This may result in a suboptimal performance at all three levels: values of the top level not taken care off, attempts at realizing the asset management strategy being hindered, and the potentials of outsourcing and procurement not being realized.

Given the lack of clarity and consensus on asset management and outsourcing strategies and practices, one might conclude that conditions to deal with these tensions in a conscious, systematic way are unfavourable. This lack of a generally accepted frame of reference also reduces possibilities for learning, since it is it hard to determine what the strategic, technical and institutional constraints (so called economic order) are to use solutions that prove to be effective in one sector in another setting.

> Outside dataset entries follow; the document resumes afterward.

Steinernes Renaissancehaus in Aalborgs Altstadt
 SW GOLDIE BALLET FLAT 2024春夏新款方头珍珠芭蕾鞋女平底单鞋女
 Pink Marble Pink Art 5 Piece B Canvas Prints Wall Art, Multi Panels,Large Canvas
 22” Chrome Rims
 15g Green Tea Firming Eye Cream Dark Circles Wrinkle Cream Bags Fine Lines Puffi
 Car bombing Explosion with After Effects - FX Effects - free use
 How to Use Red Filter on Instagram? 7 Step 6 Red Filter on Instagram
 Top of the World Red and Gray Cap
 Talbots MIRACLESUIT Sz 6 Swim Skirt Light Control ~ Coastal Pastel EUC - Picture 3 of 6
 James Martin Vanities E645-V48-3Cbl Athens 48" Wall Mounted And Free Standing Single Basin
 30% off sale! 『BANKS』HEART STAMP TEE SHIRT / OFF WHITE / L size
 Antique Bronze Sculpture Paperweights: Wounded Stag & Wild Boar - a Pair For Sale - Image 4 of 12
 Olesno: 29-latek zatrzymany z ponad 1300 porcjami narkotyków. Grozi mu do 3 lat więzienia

Therefore this study seeks to develop a framework to support strategic decision making on outsourcing and contracting, aimed at anticpating and mitigating tensions with asset management strategies and organizational goals of public owners of public infrastructure networks. This framework should help to enhancing the realization of the expected advantages of these governance forms without eliminating flexibility and the integrality of the infrastructure network, thus alligning contracting practices with asset management strategies and organizational goals, in light of technological and institutional innovations that public infrastructure networks in the coming decennia will incorporate. This requires innovative answers both at the level of outsourcing practices and at the level of asset management skills, methods and strategies. Therefore this research is focussed at the identification and in depth analysis of innovative practices of combining outsourcing with asset management strategies, in order to understand the conditions and behaviours that create or contribute to the above mentioned tensions. Aim is to exploire and understand the strategic choices that underlie succesfull alignment attempts and to formulate best practices, that can be generalized to other, comparable settings.

In addition this study strives for clarity regarding the concept of asset management and contracting by making an inventory of theories and practices, clarifying their distincitive characteristics and their underlying motives and determinants (asset characterics/technologies, institutional path dependencies), thus enhancing the conditions for earning across organizations and sectors. The study will compare innovative practices of combining outsourcing and asset manament in four public infrastructure network sectors: water (waterways, dikes, dams and locks), roads, rail and electricity.

The research question: What innovative combinations of contracting and asset management strategies are available to owners of public infrastructure networks, that can cope with both the technological and institutional innovations the infrastructure network may face during the coming decennia, and the tensions that exist between contracting out practices and asset management ambitions and expectations.